What is 'balanced journalism'?
And no, that’s not a rhetorical question.
It’s one I find myself asking increasingly as I read, watch, and listen to news from all over the world these days.
I used to tell journalism students that there was no such thing as “unbiased journalism” - and I still stand by that - because we ALL have our biases, whether we realise it or not. Where we come from, the experiences we’ve had, our levels of acceptance and tolerance for things good or bad… they all influence the way we see the world, and therefore the questions we as journalists ask.
So if we can’t be truly and purely unbiased, then shouldn’t we at least strive for some kind of balance? Put forward both sides of an argument and let people decide for themselves?
It sounds so simple (because it is!) and yet it feels like this basic principle is disappearing from parts of our media.
In writing this post, I came across this interview with CNN’s Erin Burnett.

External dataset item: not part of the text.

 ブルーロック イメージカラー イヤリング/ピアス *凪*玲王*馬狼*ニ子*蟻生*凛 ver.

It was conducted back in 2014, and personally I think the CNN she is describing back then is different to the one we watch now. Burnett and the interviewer Steve Adubato from PBS talk about CNN distinctly NOT having a point of view, which I don’t believe is the case - certainly since the Trump era.

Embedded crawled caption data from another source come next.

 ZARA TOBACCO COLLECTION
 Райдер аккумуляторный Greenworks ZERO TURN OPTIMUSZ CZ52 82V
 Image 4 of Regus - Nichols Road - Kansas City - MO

But scroll through to the 5-minute mark and have a listen for a couple of minutes to what they say about being impartial, and why hearing both sides matters:
Some people would say “well if someone calls someone a horrible name, then why are you even going to talk to them about it?”… and in many cases the answer may be “well you wouldn’t”… but in some cases you do, because the person influences what a lot of other people think, or perhaps reflects what other people think… and people want to know ‘why did this person say that?’
I think this is so important.
You have to actually KNOW what all sides are saying if you’re going to have an opinion on it. Even if some of those views are deemed unpalatable by some, you still need to hear them - and preferably unfiltered.

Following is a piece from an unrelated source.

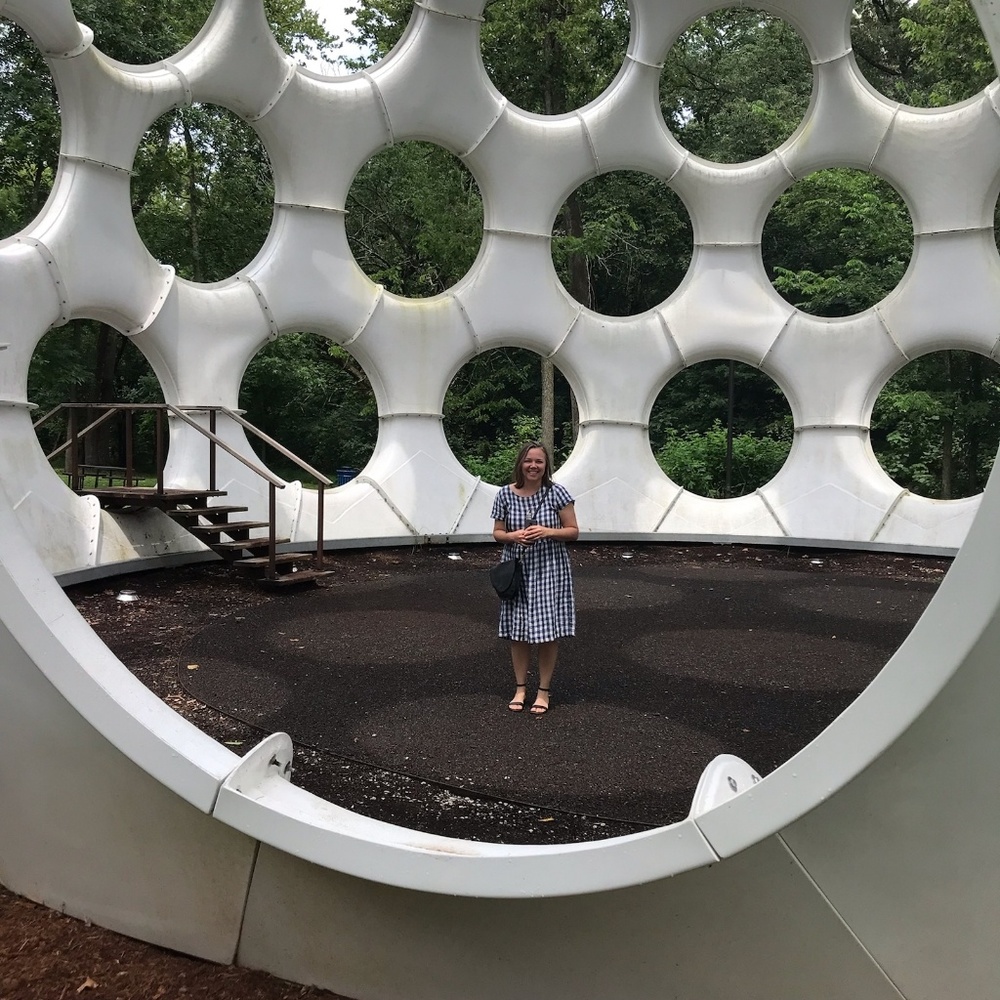 Meet your Posher, Erica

Now if you’re reading this in New Zealand, then you will probably be well aware of the recent visit by British activist Posie Parker which sparked so much online unrest and media coverage.
Even before Parker arrived - when she was on an Australian tour which ignited the interest here - it was intriguing to see what could be seen as “accepted” biases in some of the coverage, which then continued during and after her aborted visit.
For example, what does an April 1 headline call Posie Parker?
So right from the outset, the reader is being TOLD four things - she’s controversial, she’s British, she’s anti-transgender, and she’s an activist.
Three of those are true (controversial, British, activist) but I can’t actually find anything in the article which confirms the fourth. There are references from others to her “repugnant” and “inflammatory, vile and incorrect worldviews” - but nothing of what the activist herself has said.
That, to me, is an example of an “accepted” bias. In other words, it has become publicly “accepted” that she is anti-transgender so the burden of proof has been diminished. She can be called that in a newspaper headline (which don’t forget influences a lot of people) and it is now considered a fact.
Let me be clear - I’m passing NO judgement either way on Posie Parker herself. Like most people in New Zealand, I hadn’t even heard of her before news of her pending arrival to these shores.
But if I’m going to be told about someone who is headlined as a “controversial British anti-transgender activist”, then shouldn’t I also be told what apparently makes her those things? I did read a few ‘who is Posie Parker’-type explainer articles, but again the detail was thin. She opposed certain laws, she claimed to be pro-woman, her rally in Melbourne had attracted people doing Nazi salutes - but there was little actual information on the words she’d said and why they’d been deemed anti-transgender.
Wanting to know what she has said and believes doesn’t equate to agreeing or sympathising with her, and a media outlet publishing what she has said doesn’t make them complicit with her agenda.
If we just deal in facts and information, without prejudice, people will be better informed for it. They’ll still disagree on things - because they’re human - but they will have been given the information to come to their own conclusions.
Perhaps that is what ‘balanced journalism’ looks like. Journalism without agenda.